(Stored dataset items)
════════

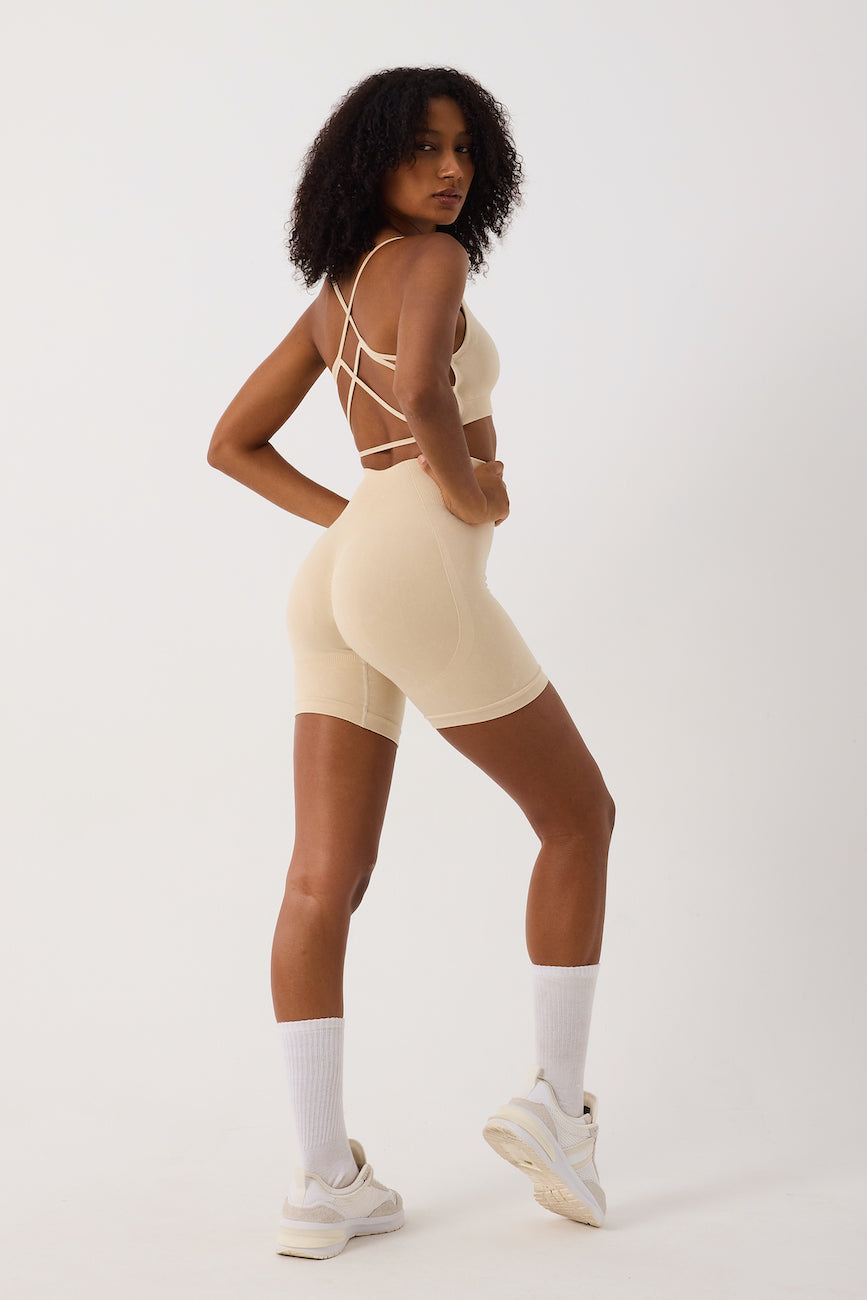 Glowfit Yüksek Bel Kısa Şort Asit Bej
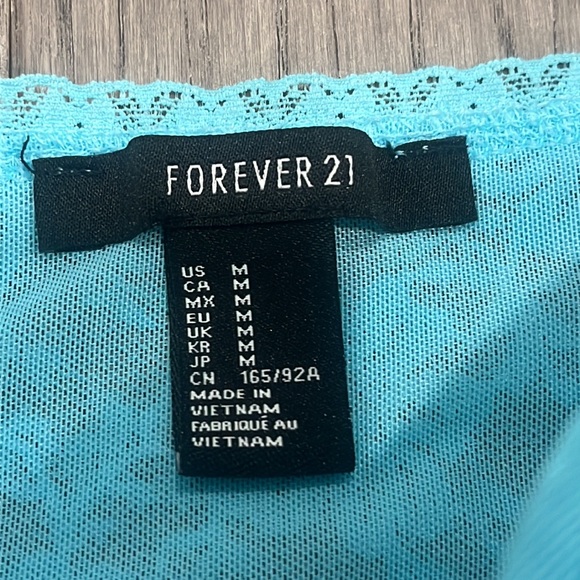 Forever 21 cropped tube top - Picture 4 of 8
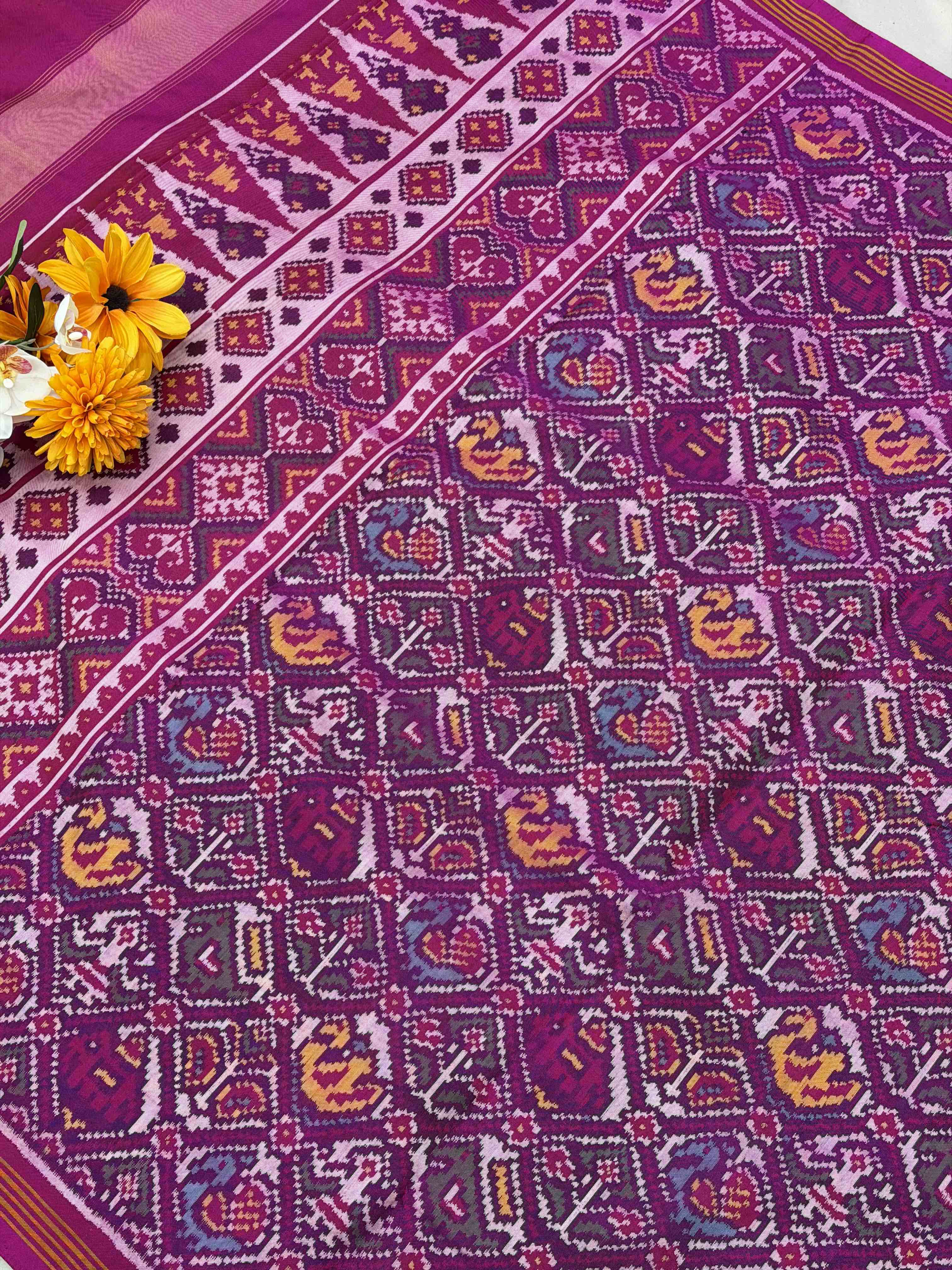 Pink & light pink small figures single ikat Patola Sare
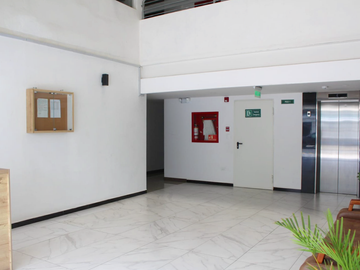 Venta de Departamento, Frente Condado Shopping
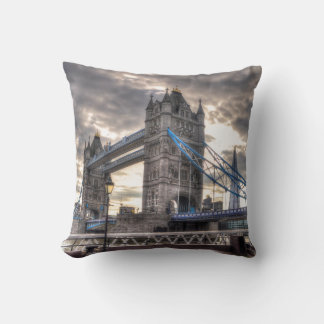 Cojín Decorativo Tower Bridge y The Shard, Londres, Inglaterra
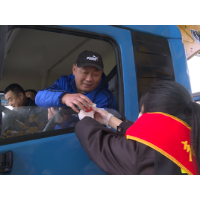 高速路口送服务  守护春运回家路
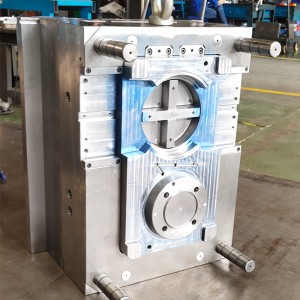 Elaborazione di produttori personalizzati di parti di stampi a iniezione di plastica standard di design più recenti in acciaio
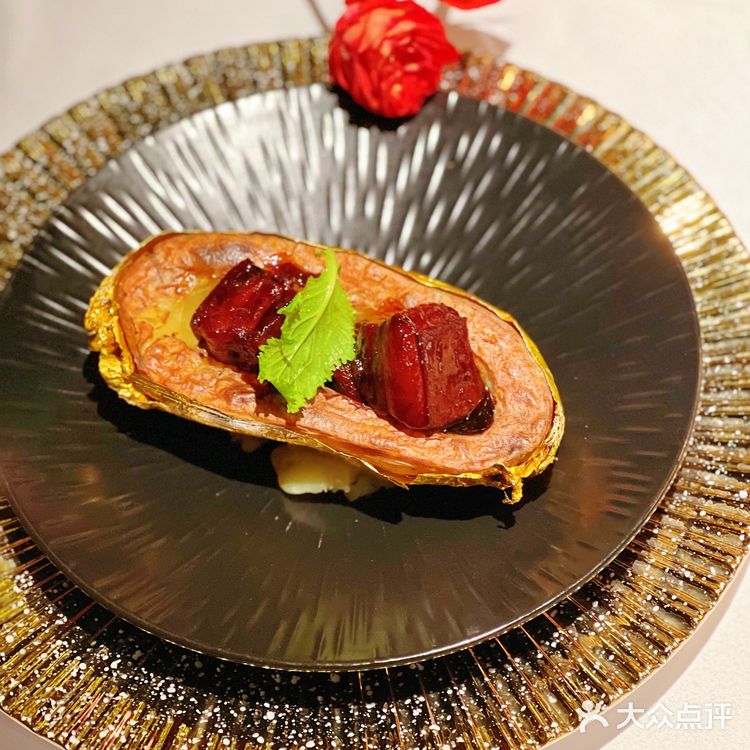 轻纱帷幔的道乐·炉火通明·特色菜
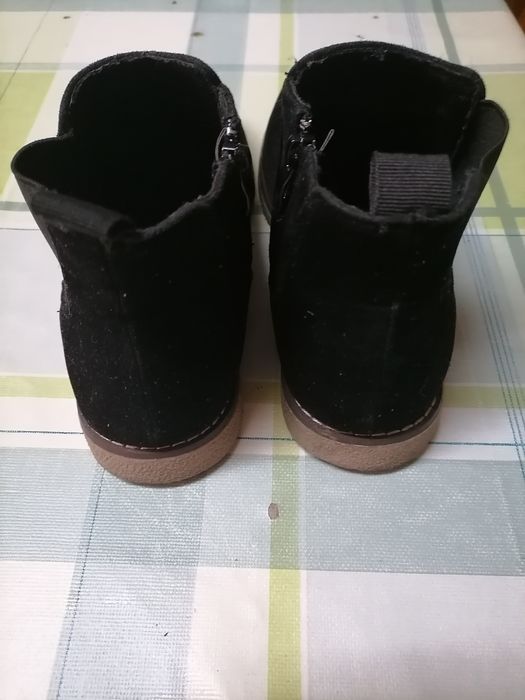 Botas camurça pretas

════════

#### What you will do
Your task is to transcribe all of the records precisely, with no images included.

#### Task result
 Glowfit Yüksek Bel Kısa Şort Asit Bej
 Forever 21 cropped tube top - Picture 4 of 8
 Pink & light pink small figures single ikat Patola Sare
 Venta de Departamento, Frente Condado Shopping
 Cojín Decorativo Tower Bridge y The Shard, Londres, Inglaterra
 高速路口送服务  守护春运回家路
 Elaborazione di produttori personalizzati di parti di stampi a iniezione di plastica standard di design più recenti in acciaio
 轻纱帷幔的道乐·炉火通明·特色菜
 Botas camurça pretas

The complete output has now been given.